Es soll so aussehen, dass ein Bild zu sehen sein, mit Frage und vier Antwortmöglichkeiten, die Richtige Antwort soll natürlich dann ausgewählt werden können. Am besten soll dann auch gezeigt werden, wenn die Antwort falsch ist, was die richtige Antwort ist. 

Ich danke schon mal für jede Hilfe.
BassBaum


----------



## Joose (17. Jan 2017)

Wo genau liegt denn nun das Problem? Was ist deine Frage?
http://www.java-forum.org/thema/wie-man-fragen-richtig-stellt.7407/


----------



## BassBaum (17. Jan 2017)

mein Problem liegt darin, dass ich leider nicht weiß, wie ich das angehen soll, die Fragen in das Spiel einzuarbeiten. Und wie ich die Fragen beispielsweise mit gfx.drawString anzeigen lasse, dann kann ich die Antwort nicht auswählen. Außerdem muss das Programm wissen welche Frage falsch und welche richtig ist. Da weiß ich leider auch nicht wie ich dass machen kann das es funktioniert.


----------



## Joose (17. Jan 2017)

BassBaum hat gesagt.:


> mein Problem liegt darin, dass ich leider nicht weiß, wie ich das angehen soll, die Fragen in das Spiel einzuarbeiten.

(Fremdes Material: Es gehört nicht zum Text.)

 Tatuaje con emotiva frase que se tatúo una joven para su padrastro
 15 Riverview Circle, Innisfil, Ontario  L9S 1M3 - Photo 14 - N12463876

Was hast du denn schon für Ansätze probiert?



BassBaum hat gesagt.:


> Und wie ich die Fragen beispielsweise mit gfx.drawString anzeigen lasse, dann kann ich die Antwort nicht auswählen.


Warum kannst du keine Antwort auswählen wenn du die Frage anzeigen lasst?
Ohne Frage anzeigen kannst du eine Antwort auswählen?




BassBaum hat gesagt.:


> Außerdem muss das Programm wissen welche Frage falsch und welche richtig ist. Da weiß ich leider auch nicht wie ich dass machen kann das es funktioniert.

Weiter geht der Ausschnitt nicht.